TASK —
Only the lines from the one containing "this 250×188 image." through the end of the entries are to be copied, exactly and without pictures, please.

*** Block opens ***

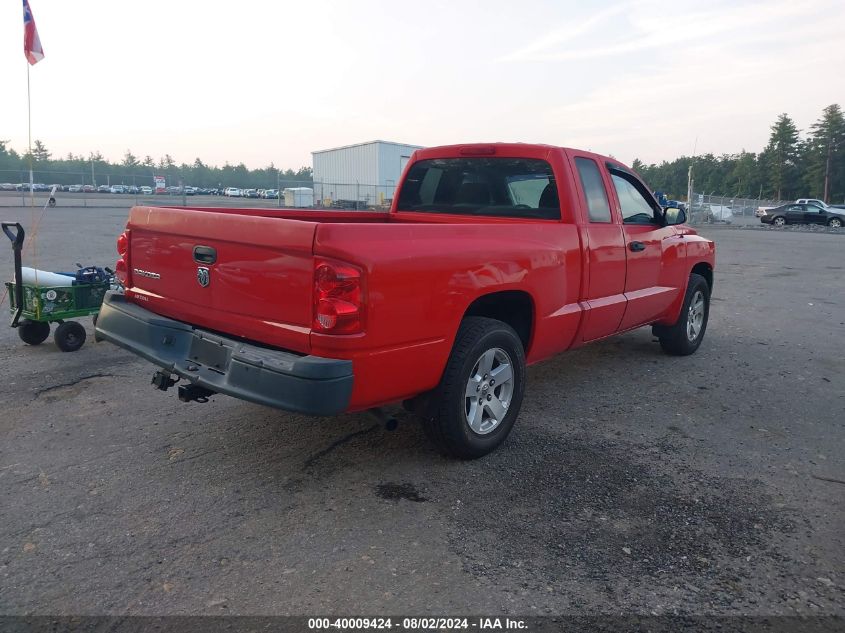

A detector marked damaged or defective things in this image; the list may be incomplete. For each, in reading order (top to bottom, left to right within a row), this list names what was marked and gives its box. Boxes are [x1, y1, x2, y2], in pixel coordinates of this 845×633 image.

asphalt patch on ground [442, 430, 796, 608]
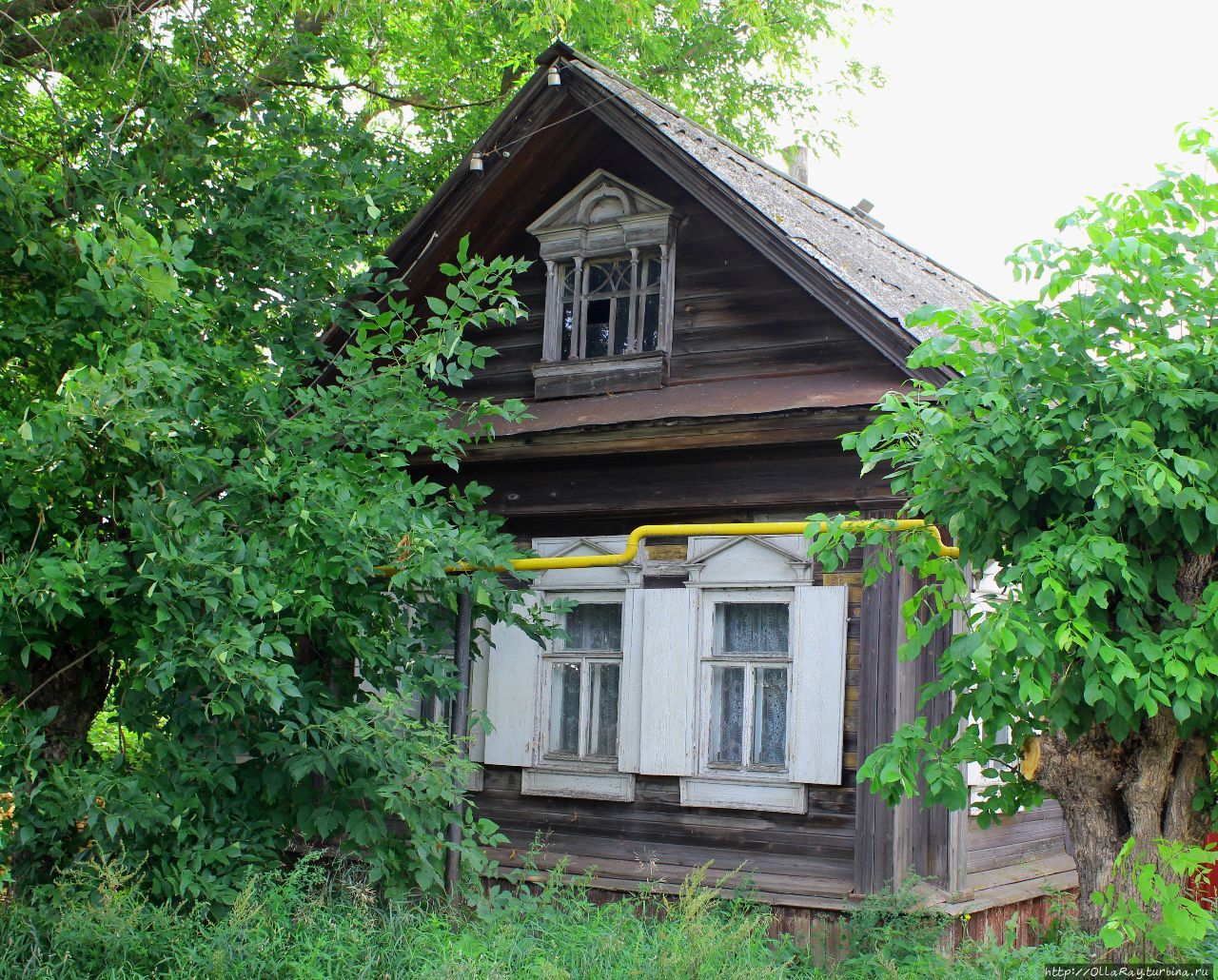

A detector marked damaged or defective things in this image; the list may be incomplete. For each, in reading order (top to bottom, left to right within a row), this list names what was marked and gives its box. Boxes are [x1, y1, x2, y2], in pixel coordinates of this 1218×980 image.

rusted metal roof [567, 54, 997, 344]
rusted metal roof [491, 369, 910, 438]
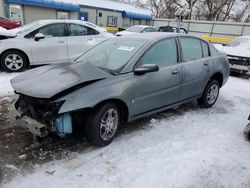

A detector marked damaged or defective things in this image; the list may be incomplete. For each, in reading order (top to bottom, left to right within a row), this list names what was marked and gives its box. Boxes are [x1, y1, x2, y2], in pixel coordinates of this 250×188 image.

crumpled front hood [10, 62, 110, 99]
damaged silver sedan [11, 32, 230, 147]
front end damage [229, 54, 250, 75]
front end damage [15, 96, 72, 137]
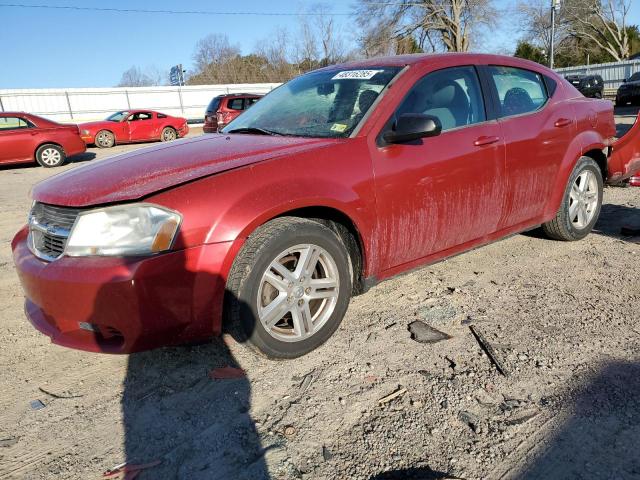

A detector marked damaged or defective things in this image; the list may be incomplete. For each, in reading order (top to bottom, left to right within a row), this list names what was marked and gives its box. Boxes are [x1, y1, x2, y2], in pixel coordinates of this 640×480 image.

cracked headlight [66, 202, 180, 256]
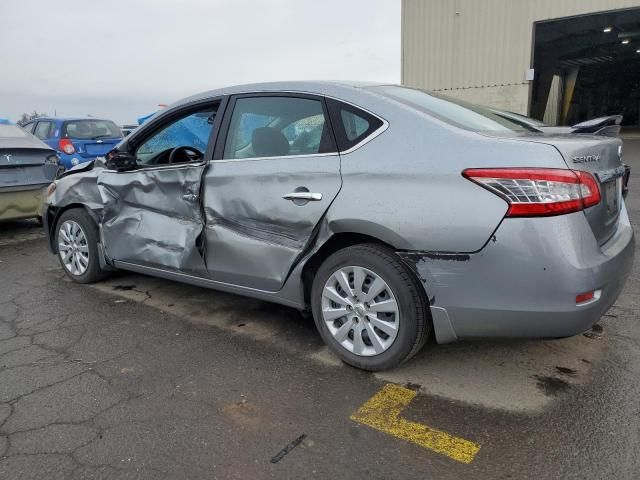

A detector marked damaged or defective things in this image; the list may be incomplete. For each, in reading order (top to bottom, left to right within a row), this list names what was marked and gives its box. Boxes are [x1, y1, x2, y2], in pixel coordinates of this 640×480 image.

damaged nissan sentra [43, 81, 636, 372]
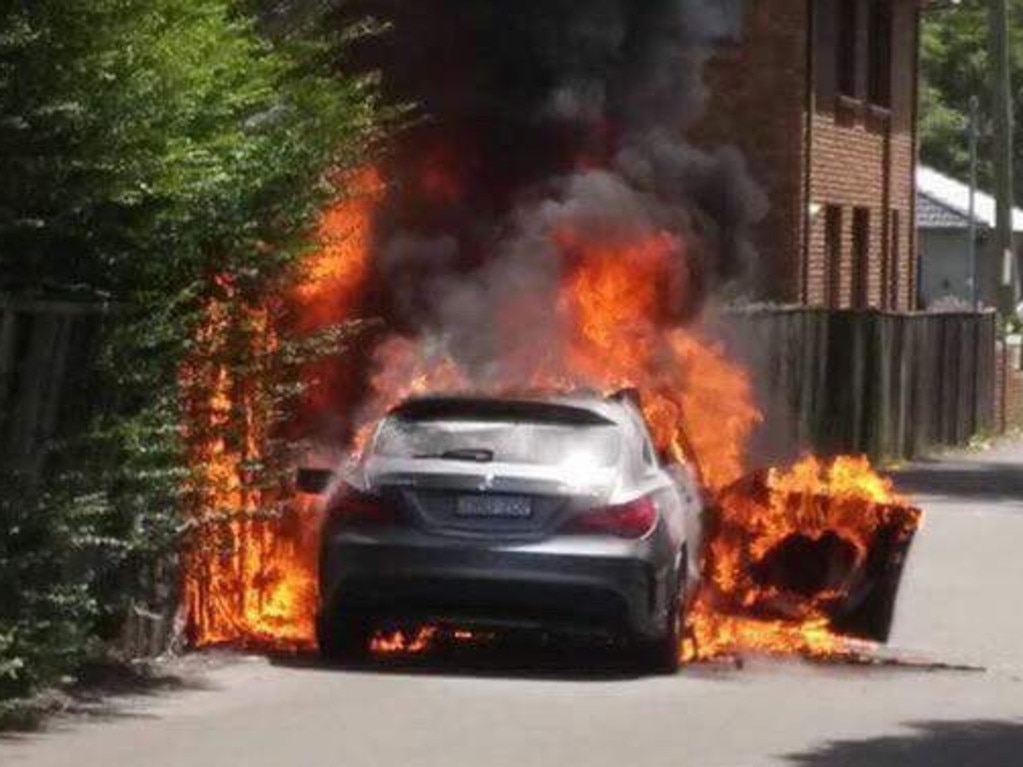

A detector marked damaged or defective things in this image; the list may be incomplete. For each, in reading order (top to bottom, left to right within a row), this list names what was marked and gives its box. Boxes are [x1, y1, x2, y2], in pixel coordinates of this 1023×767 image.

*** Block closes ***

RESPONSE AREA —
A detector marked damaged or defective things in this image; the list may be incomplete. For each, in reading order (top to bottom, left to right within a row), this list names what was marked and gives its box. Boxes are [x1, y1, x2, y2], in pixel coordinates of this 250×188 image.

crumpled front hood [10, 62, 110, 99]
damaged silver sedan [11, 32, 230, 147]
front end damage [229, 54, 250, 75]
front end damage [15, 96, 72, 137]

A detector marked damaged or defective things in this image; the list may be incomplete. For each, in reading order (top to bottom, left to right within a row), this list names what was marked and gives its box. Boxes are [x1, y1, x2, y2], in pixel coordinates of this 640×480 image.

cracked headlight [66, 202, 180, 256]

A detector marked damaged or defective things in this image; the list may be incomplete. For each, in reading order (top to bottom, left to right within a row), this list names what was marked and gives its box. Boxes are [x1, y1, x2, y2], in pixel coordinates of this 640×480 image.

damaged nissan sentra [43, 81, 636, 372]

A detector marked damaged or defective things in this image; the list may be incomplete. For each, in reading order (top to bottom, left to right within a row), this list names what was marked and gives its box. Boxes are [x1, y1, x2, y2], in pixel coordinates of this 1023×767 image.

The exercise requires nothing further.